May 24th, 2010 · 9 Comments · Critical thinking

It’s been a very bad day for Andrew Wakefield, the disgraced UK gastroenterologist famous for birthing the latest wave of vaccine rejectionism. First, the General Medical Council stripped Wakefield of his license to practice medicine. Then, in an ill-advised effort to salvage his public image, Wakefield sat down for an interview with an irritable Matt Lauer on The Today Show.

“Is this the final blow to your credibility?” asked Lauer, checking off a partial list of blows: the multiple studies that disprove Wakefield’s fraudulent 1998 study, The Lancet retraction, and the twin losses of job and medical license.

“Is that it?” asked Lauer again, like he needed permission to stop booking this guy.

Wakefield was ready with two old, discredited talking points.

“The findings that we made originally have been replicated in five different countries of the world, so the bowel disease in these children exists,” said Wakefield. He’s talking about an unpublished abstract of a five-year-old meeting; two case studies of GI disease in one and two autistic adults, respectively; a Venezuelan study that specifically failed to support Wakefield’s hypothesis; and a “study” in a journal that Wakefield himself edits.
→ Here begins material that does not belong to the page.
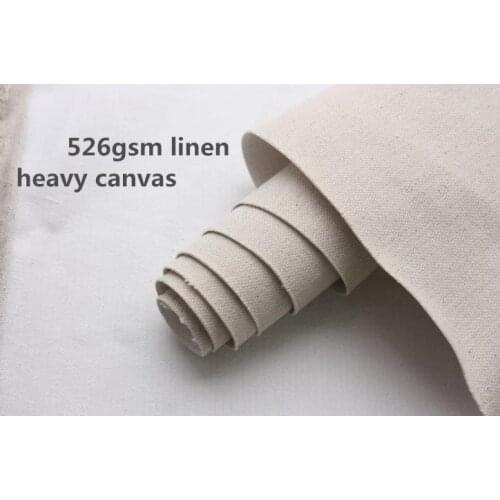 526g heavy linen blend blank painting canvas with good quality 156cm wide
Lauer, still unclear whether it’s OK to ignore Wakefield, tried to move one.

Wakefield, speaking over Lauer as he tried to ask another question, said that the US government has been “secretly” conceding a link between vaccines and autism since 1991. As Sullivan at LBRB points out today, this “bombshell” was first dropped by anti-vaccine publicist David Kirby last summer:

And, more than 1,300 vaccine court cases were already paid out for encephalopathy and seizure disorders. We will soon learn how many of those children also have an ASD, though I can confirm now that it appears to be far, far higher than the1-in-150 rate reported by CDC.
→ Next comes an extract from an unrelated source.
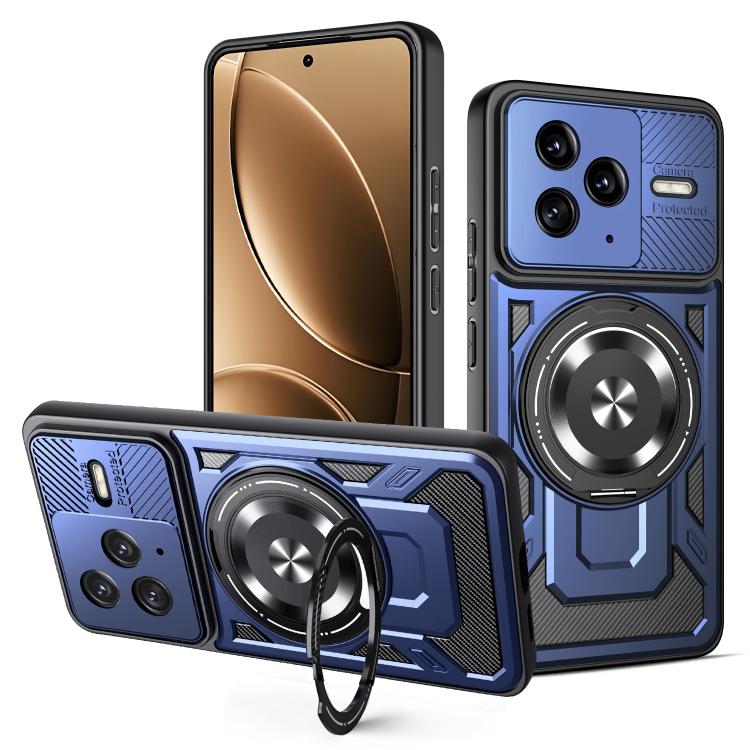 For Redmi K80 / Poco F7 Pro Armor Rotating Holder MagSafe Phone Case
Published VICP decisions include at least nine instances in which compensation was awarded for the lifelong care of children and young adults who were diagnosed with autism or related conditions after they sustained documented, verifiable vaccine injuries.
That’s nine cases out of 2,100 where compensation was awarded, for a rate of 1:233. Even if we double the number of cases of autism, the overall rate is still less than the latest CDC prevalence of 1:100. In other words, the rate of autism among compensable VICP cases is no higher than what is expected in the population at large.
So to recap:
Is it OK for the news and entertainment media to ignore Wakefield? No, according to Wakefield. Lauer is still on the fence.
Why is Wakefield still credible? Because five studies that aren’t really studies, including one that disagrees with Wakefield, and one unpublished meeting abstract, support what Wakefield says, even though every bona fide researcher in the world disagrees.
Anything else? An anti-vaccine publicist wrote one year ago that the US government has been conceding a causal relationship between vaccines and autism, but there is no evidence for such a claim, and the vaccine court’s own website says that no instance of vaccine-induced autism has ever been compensated.
Is that it? Not if you ignore the internationally-publicized decision by US vaccine court where three judges found no association between vaccines and autism.

Wakefield was right on one important point: we haven’t heard the last of him. As long as news outlets book first and ask questions later, the public will be exposed to all manner of pseudoscience and medical quackery.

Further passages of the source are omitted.